Silver Fern Cervena leg meat is exceptionally tender and flavorful and can be seared, then roasted the same way you would a rack or tenderloin with similarly delicious results. Here we’ve paired it with bitter roasted endive and fruity, tangy balsamic glazed grapes.

Drink Pairings: Amarone or Valpolicella Wine

Ingredients Serves: 2-4

  • 1 pound of Venison Denver Leg
  • 3 C Black Grapes
  • 6 Endives
  • 1 T Butter
  • 1 1/2 t Salt
  • 1 C Chicken Stock
  • 1/4C + 1 T Balsamic Vinegar
  • 1 t Chopped Thyme, plus extra for garnish
  • Safflower, Grapeseed or Canola Oil
  • Finishing Salt

Instructions

1

Preheat your oven to 400 degrees.

2

Cut the endives in half and put them in an oven-safe frying pan with the cut side down.

3

Add the chicken stock, butter, teaspoon of salt and tablespoon of balsamic vinegar to the pan.

4

Cover the pan & put it in the oven for thirty minutes.

5

Remove the cover and return the pan to the stove, continuing to roast the endives for thirty more minutes, until the liquid has evaporated and they’ve browned.

6

Season the venison with salt & pepper.
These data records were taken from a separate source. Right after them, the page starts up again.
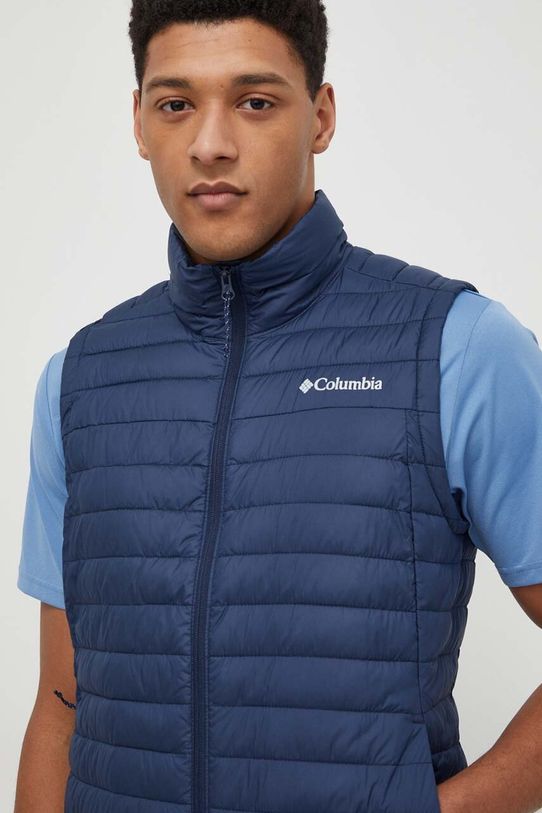 Športová vesta Columbia Silver Falls tmavomodrá 2034515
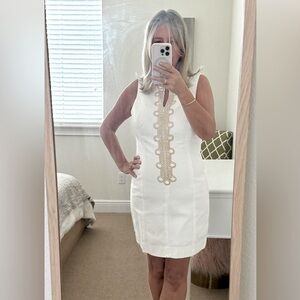 Lilly Pulitzer white shift dress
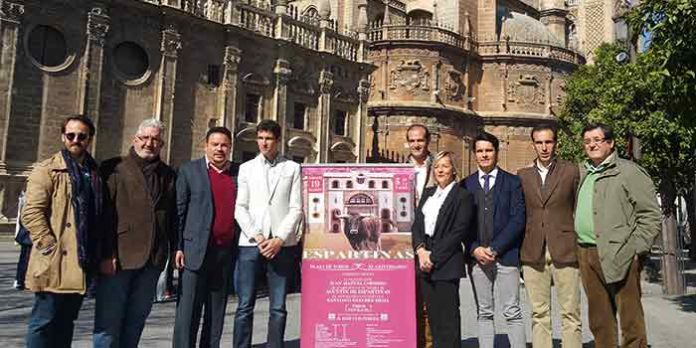 Presentación del cartel de Espartinas en la Diputación de Sevilla.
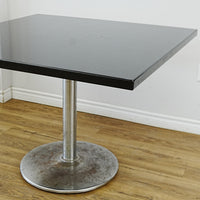 42x42x30-In Square Laminate Dining Table with Metal Base – Commercial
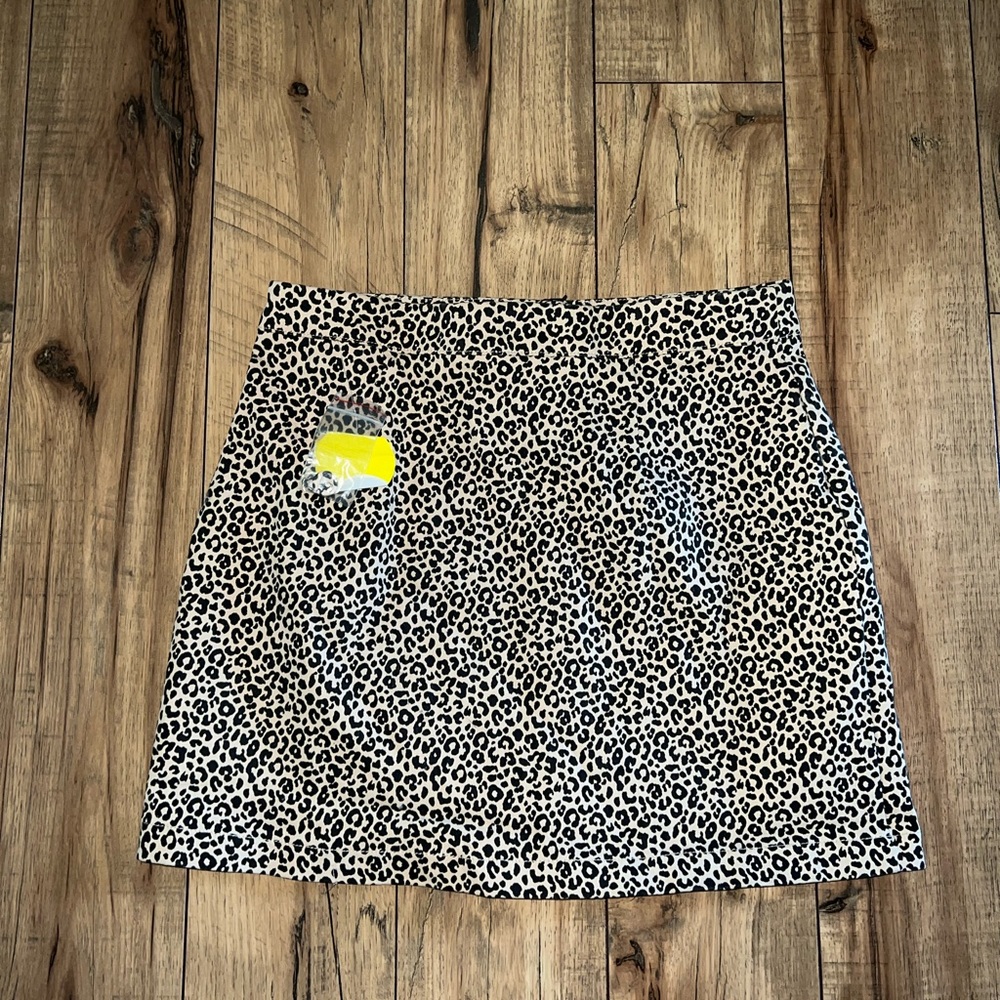 cheetah print skirt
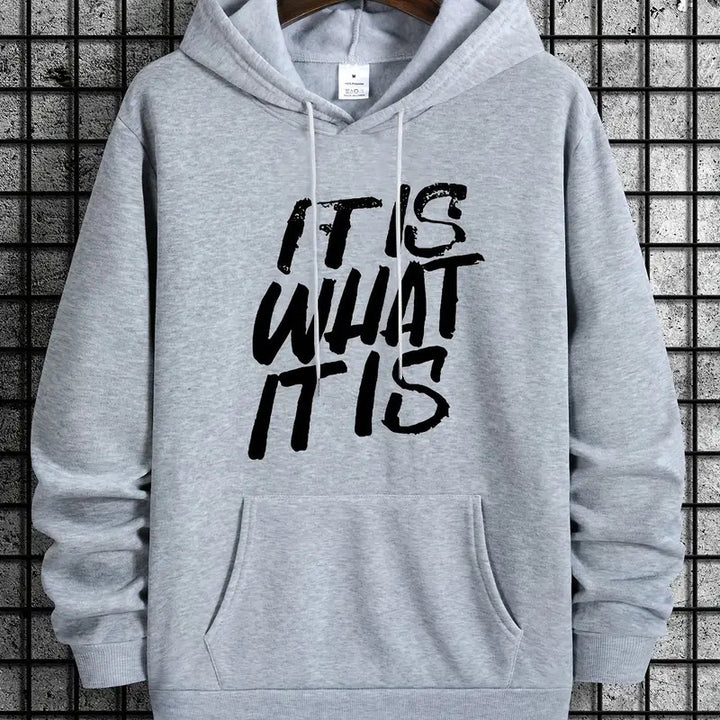 Women's hoodie with modern lettering and comfortable fit Lisslune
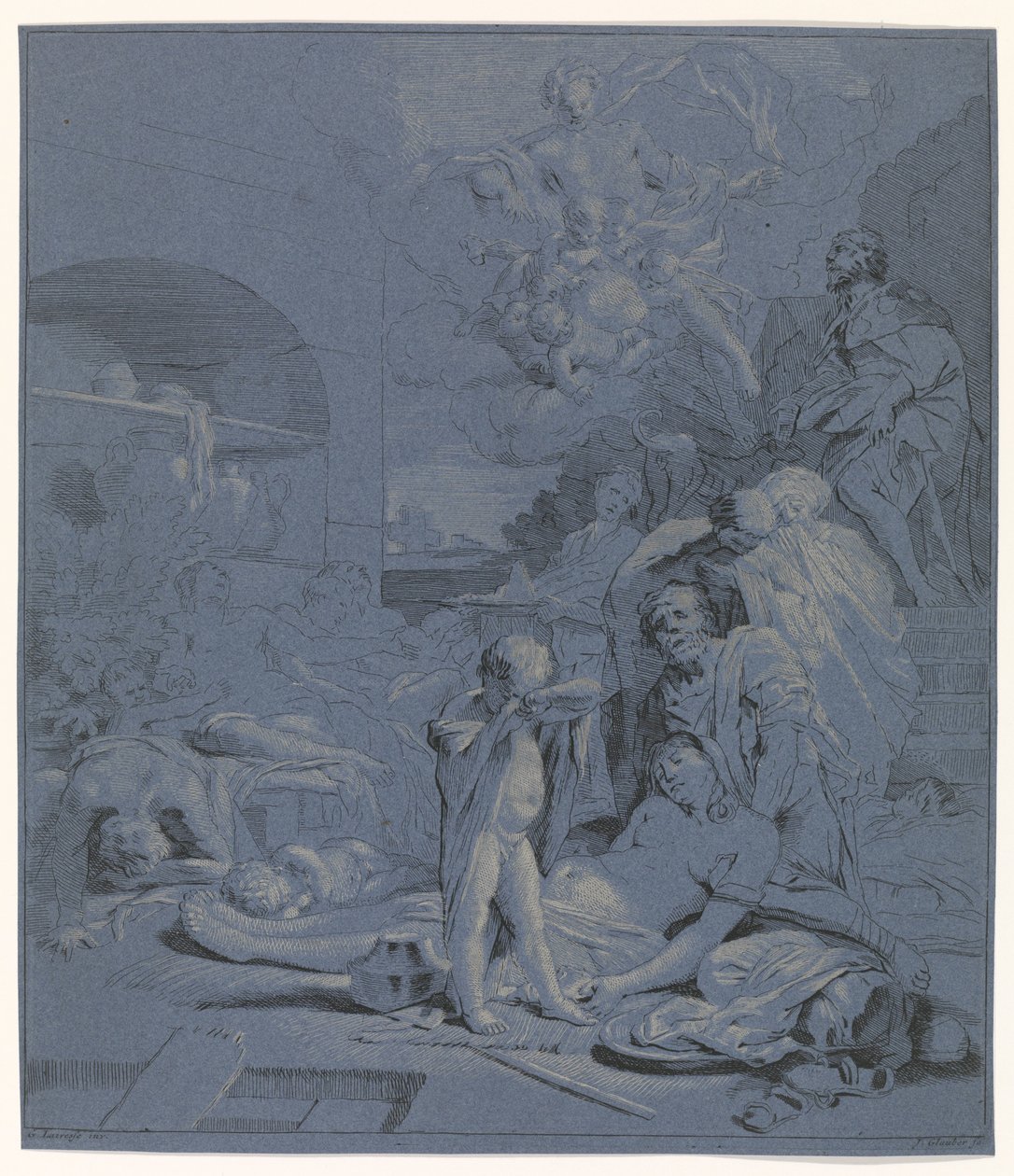Supplication of Saint Roch by Johannes Glauber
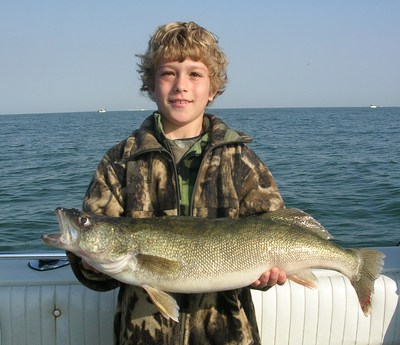 Lake Erie wallleye fishing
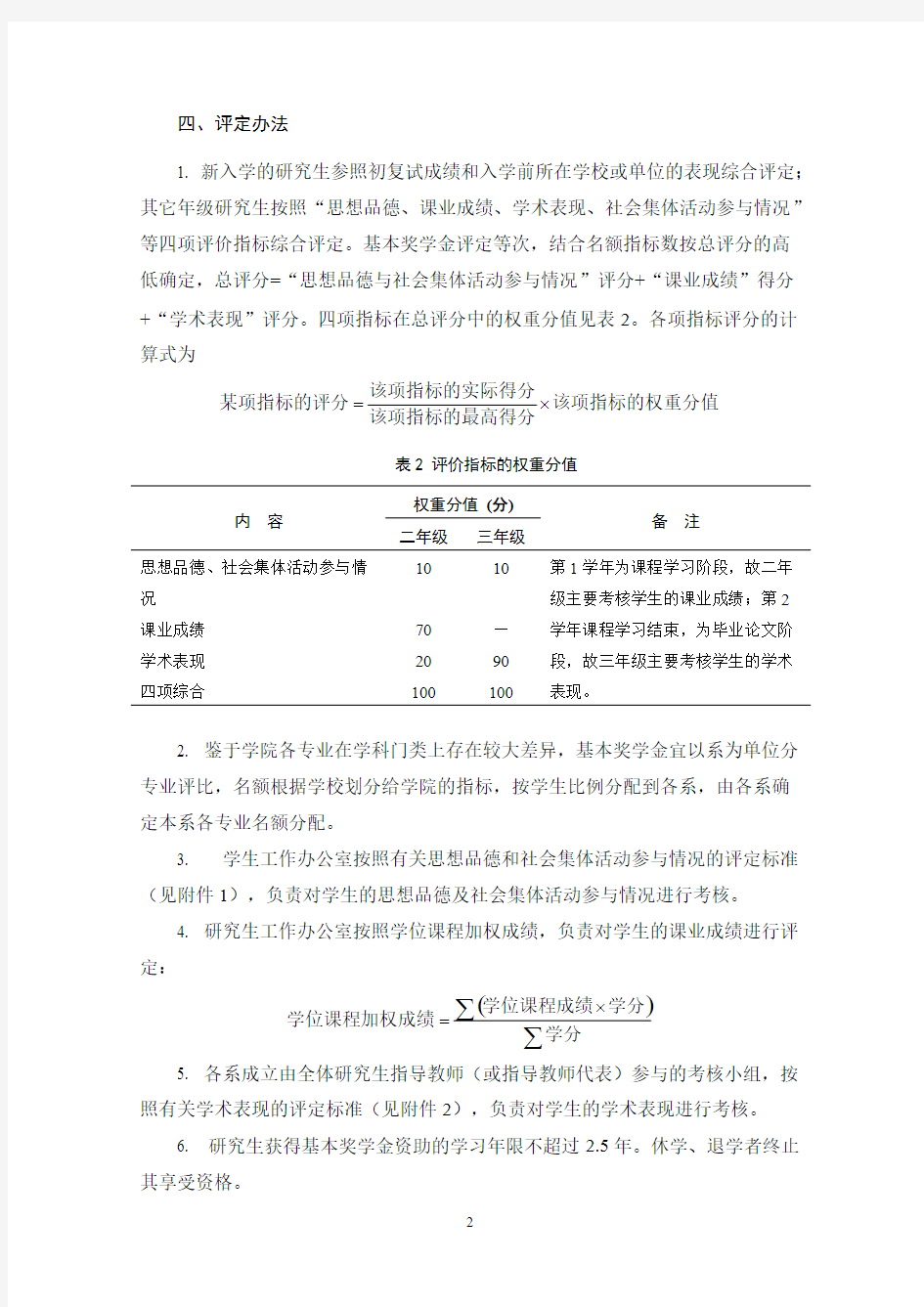 [VIP专享]武汉理工大学研究生基本奖学金评定办法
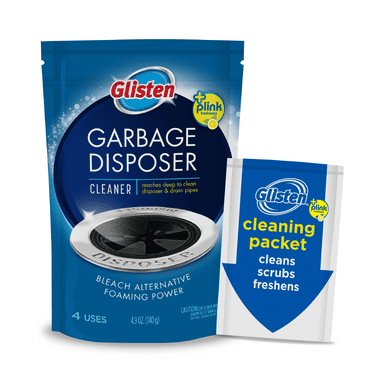 Glisten Disposer Care Cleaner, Lemon Scent, 4 Pack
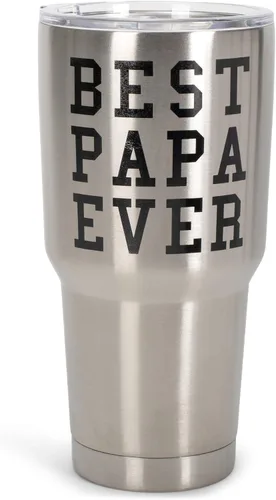 Vista 8 de Elanze Designs Best Dad Ever - Taza de viaje de acero inoxidable de 30 onzas con tapa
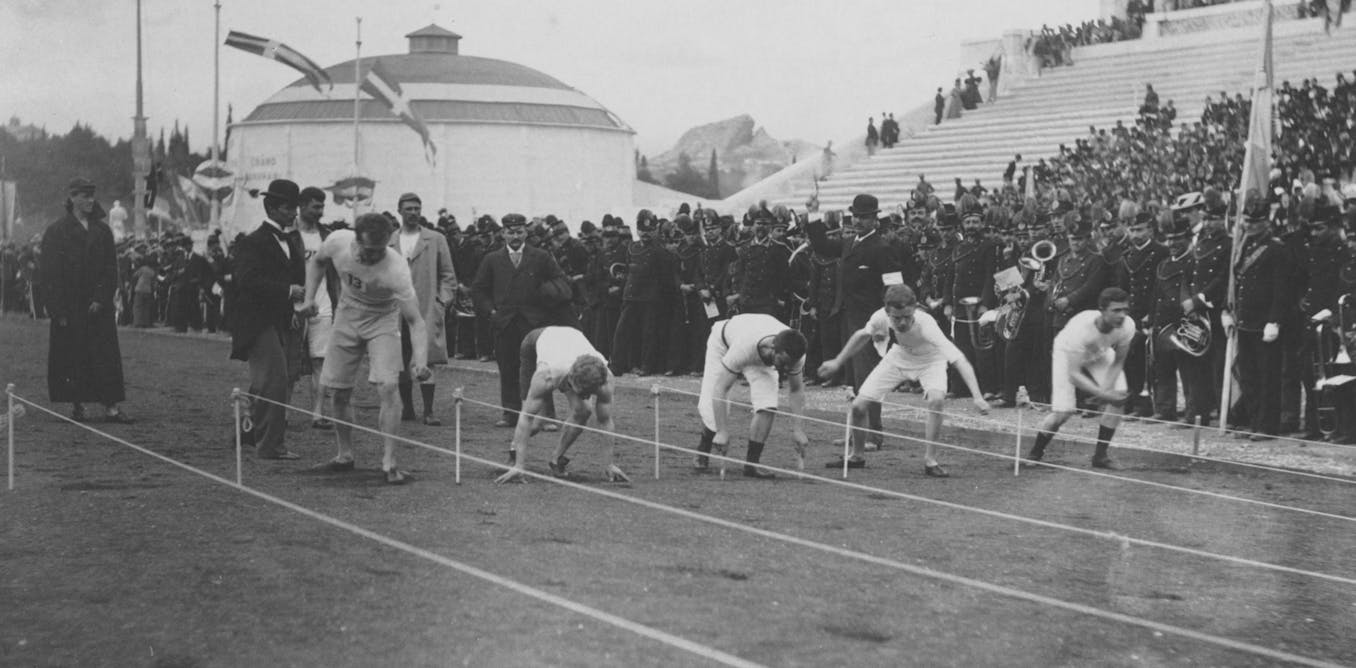 Первый ои. Первые Олимпийские игры современности Афины 1896. 1896 Год. Олимпийские игры Афины Греция.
Oil a frying pan and get it very hot. Sear the venison on each side until it develops a browned crust, then move the pan to the oven to roast until the venison reaches your preferred doneness (125 degrees for rare, 130 for medium rare).

7

Take the venison out of the pan and put it on a clean plate. Loosely cover it with foil and let it rest for 15 minutes before slicing against the grain.

8

While the venison is resting, halve the grapes and put them in an oiled frying pan – cut side down. Cook them over medium heat until caramelized, then add the remaining quarter cup of balsamic and half teaspoon of salt.

9

Bring the balsamic to a simmer and cook it down to a syrup consistency. Add the chopped thyme.

10

Serve the venison with the endives and grapes, sprinkled with a little thyme and finishing salt.